Intervention

January 10, 2023 by  
Filed under Christian Life, Family Focus

By Heather Allen- 

When I was six I was overcome. I knelt down and confessed that I sinned, regularly, I needed someone who would intervene. I became a teenager. I wrestled with staying home from the parties that would spiral into intoxication and sensuality. Not because I wanted to go, but because I didn’t want to be left out. But then five drunken lives are permanently altered as their car runs off the road and headlong into a tree. Three are dead, two shattered, and my public school turned into a funeral home. The consequences of compromise are far worse than being alone. Weeks after death and regret, the parties kick up again. The pattern repeats. God stands near to the broken, will we turn, will we bid He intervene?

I become an adult. I look for a new pattern. Surely the church is transformed. Surely believers extend their arms. Surely, we the beloved of God flood love on all that is broken. But it is not so, and the mildew starts here in my own hearth. Growing from an insecure doubt that I am not who God says.

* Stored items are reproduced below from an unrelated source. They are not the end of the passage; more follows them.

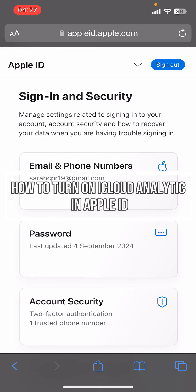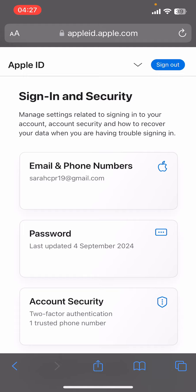Hello everyone, welcome back to our channel How to Guide. In today's video, I'm going to show you how to turn on iCloud analytics on your Apple ID. It's very quick and easy, so let's get started.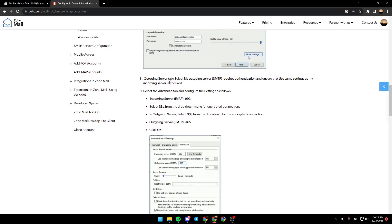In the Outgoing Server tab, select 'My outgoing server requires authentication' and ensure 'Use the same settings as my incoming server' is checked. Select the Advanced tab and configure the settings as follows.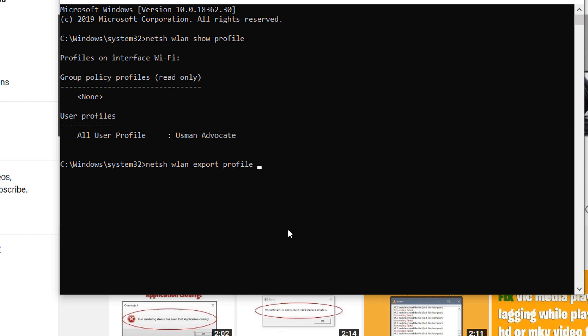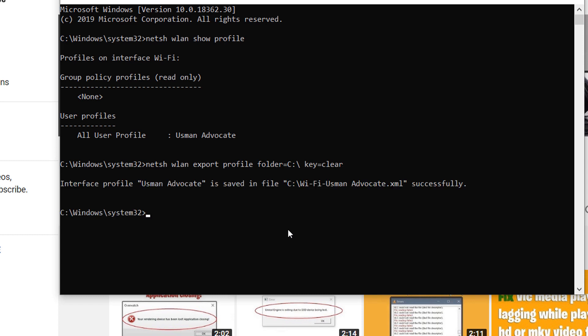Profile folder equals C colon, name equals space, and key equals clear. Now after you type this command, press enter. Now you can see the profile named Usman is saved in file C.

The foundation has been laid. Years and years ago. But human insecurity never quits whispering “You are not enough, you will never be enough.” I hold hands with the enemy inclining my head in agreement. “So here is the plan, look around you…you’re better than that guy over there, but you’re a loser compared to her. She would never be your friend, so just ignore her.” And it turns out that he has substance to spare, and she is hurting for a true friend.

My daughter and I take a drive. She abruptly turns to me “When we seek God’s glory we find our empty, lonely emotions overcome by the jolting purposefulness of living in God’s plan.” Is serving God, by loving others, worth trading for the emptiness found in seeking what’s best for self?

We sojourn together you and I, traversing the dusty Earth roads. Will we trip one another, or will we grab hold and run together? Will we live the beautiful blessing of discipleship and fellowship? Will we be the Pharisee or the Good Samaritan? Will we stop to help the ones left to die alone? Will we follow the Pharisee who uttered all the right words and never put them into practice, or will we be the Samaritan who cared more for a broken man than his own reputation, wallet, or time?

A few weeks ago, I walked by a woman who needs my friendship in order to chat with the friend I want. I felt a pinch in my spirit. I appealed for God’s strength to love others better than myself. He reminded me that small deeds of kindness are weightier than I fathom. Intervention in one life affects eternity. Christ made himself of no reputation in order to save us. So when He says “follow me” He is asking us to live from the knowledge that we are loved, valuable, and worth redeeming. This is home. A grounding point from which we find the stability and support to love our fellow traveler.